Machtlosigkeit und Unmut: Das EU-Parlament und die öffentliche Meinung in Deutschland

Von Dagmar Henn

Es ist offensichtlich, dass das EU-Parlament sowohl machtlos als auch überflüssig erscheint. Die Reaktion der AfD auf den Zwischenfall mit Voice of Europe lässt auf zukünftige Entwicklungen spekulieren, die vermutlich keine positiven Überraschungen bereithalten werden. Es scheint ebenfalls wenig Hoffnung zu bestehen, dass die politischen Mechanismen in Brüssel dadurch beeinflusst werden könnten.

In diesen düsteren Zeiten sollte jedoch jede Möglichkeit genutzt werden, um einen Moment der Erleichterung zu genießen.
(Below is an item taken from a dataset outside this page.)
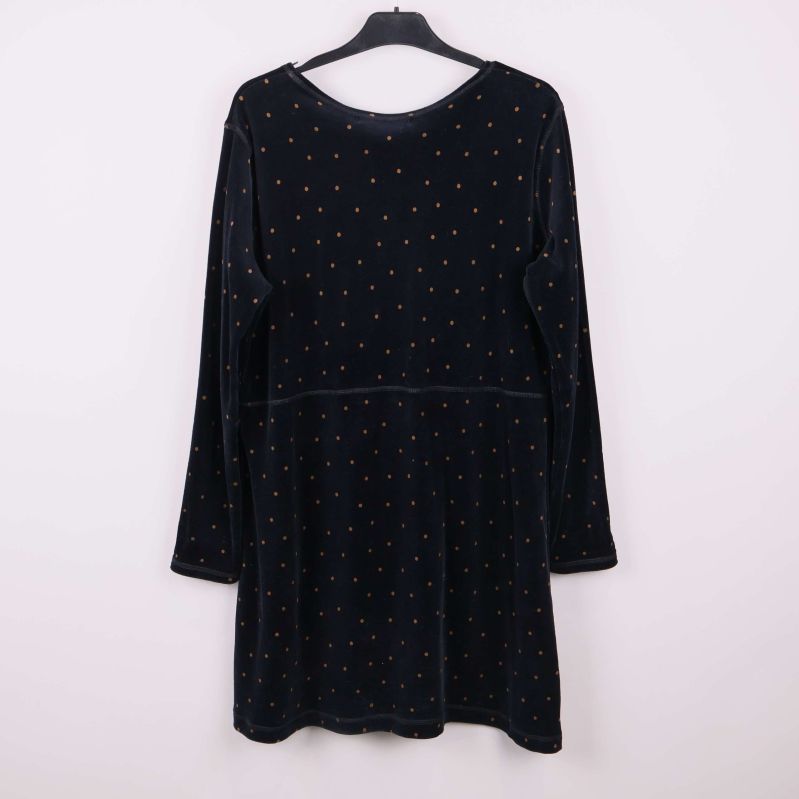 Svart klänning med små prickar bakifrån på galge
Angesichts der Schwierigkeiten, die die Ampelkoalition, insbesondere ihr grüner Flügel, dem Land auferlegt hat, ist ein wenig Schadenfreude über die empfangene Quittung nicht fehl am Platz, auch wenn die Effekte davon kurzlebig sein werden. Dies spiegelt die Haltung von Außenministerin Baerbock wider: “Es ist mir egal, was meine Wähler denken.”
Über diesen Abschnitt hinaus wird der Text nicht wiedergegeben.